Requirement: The answer must be only the lines below from the one holding "Jarrón Orquídeas Entre Mariposas Florales 1" down to the one holding "Miami Dolphins Miami", ends included, printed exactly; please omit all pictures.

Listed records:
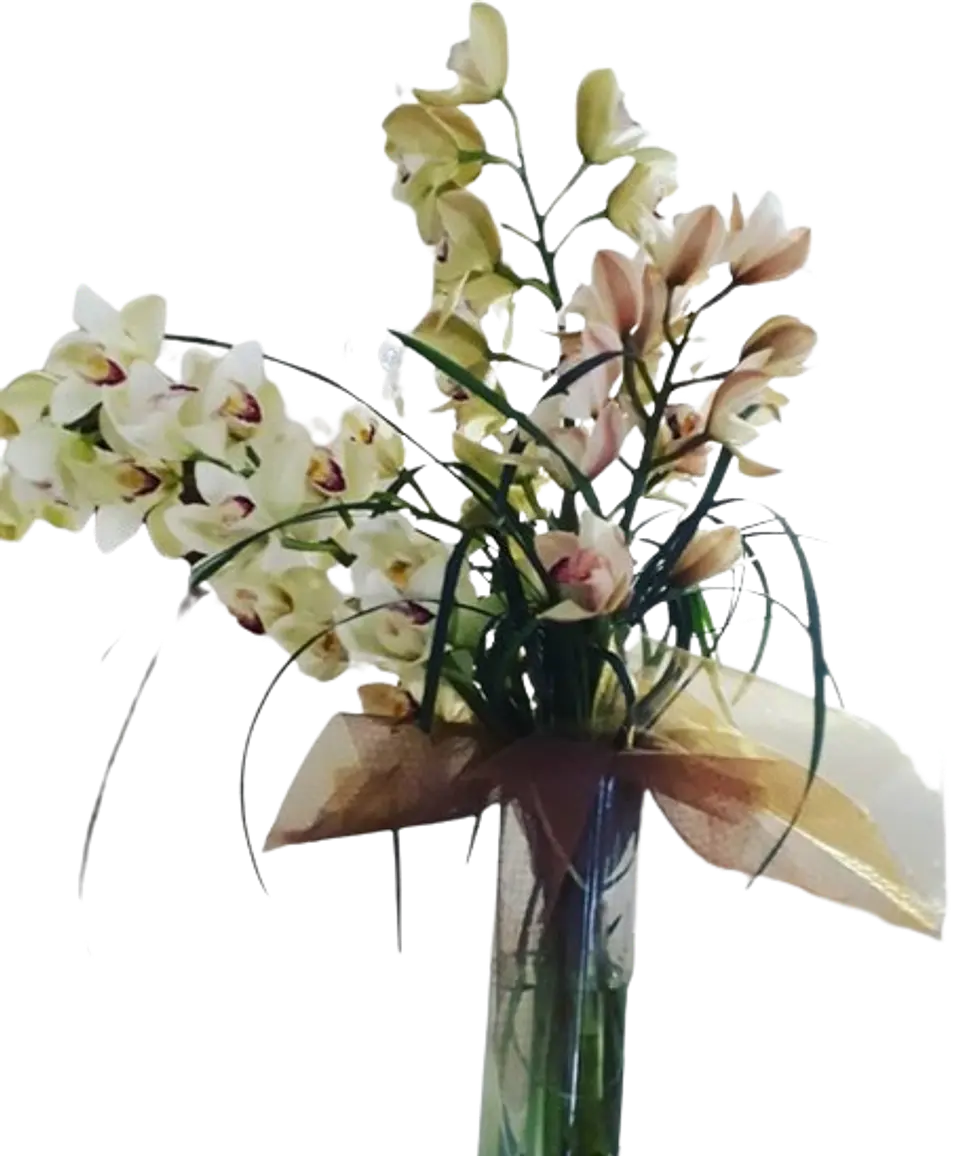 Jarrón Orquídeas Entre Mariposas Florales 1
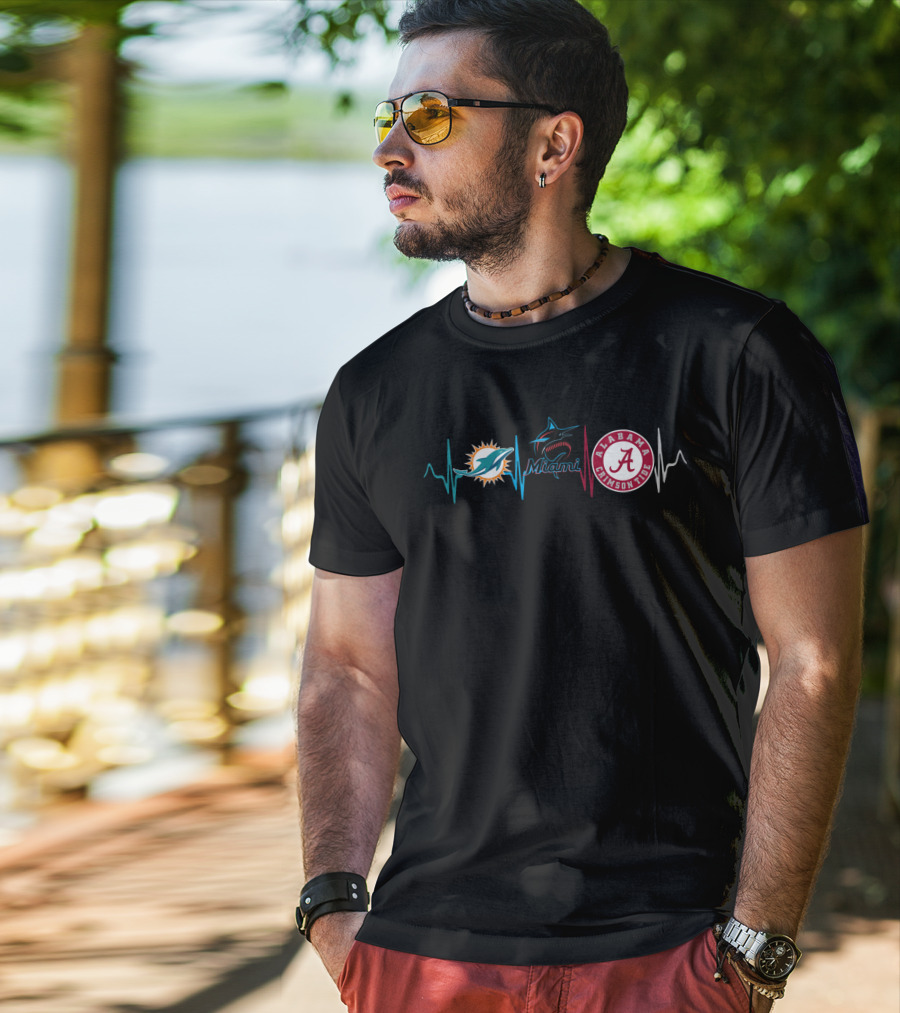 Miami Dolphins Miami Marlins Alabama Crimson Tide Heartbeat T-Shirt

--

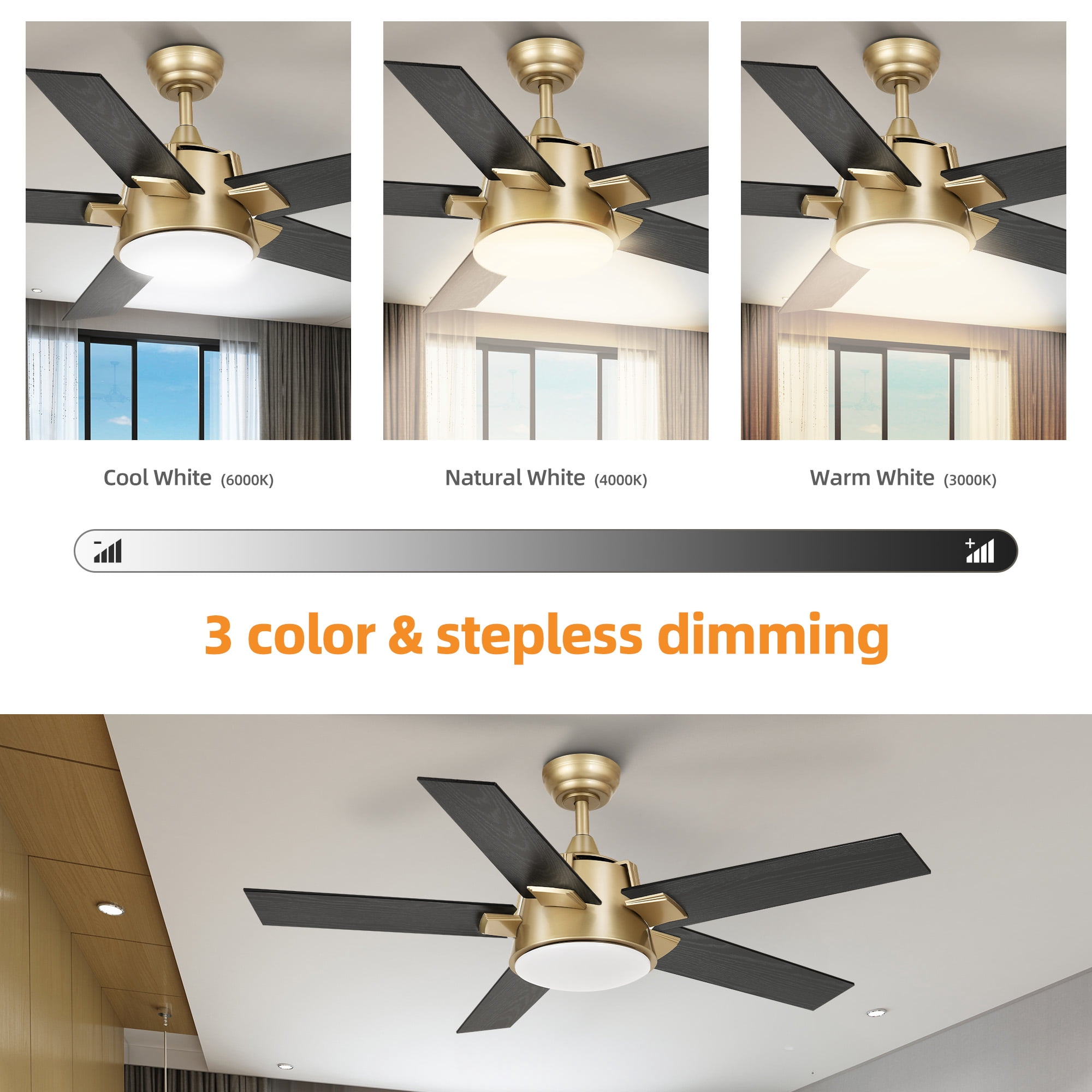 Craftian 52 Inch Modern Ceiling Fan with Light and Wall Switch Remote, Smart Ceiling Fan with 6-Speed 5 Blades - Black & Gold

Solution for this exercise:
 Jarrón Orquídeas Entre Mariposas Florales 1
 Miami Dolphins Miami Marlins Alabama Crimson Tide Heartbeat T-Shirt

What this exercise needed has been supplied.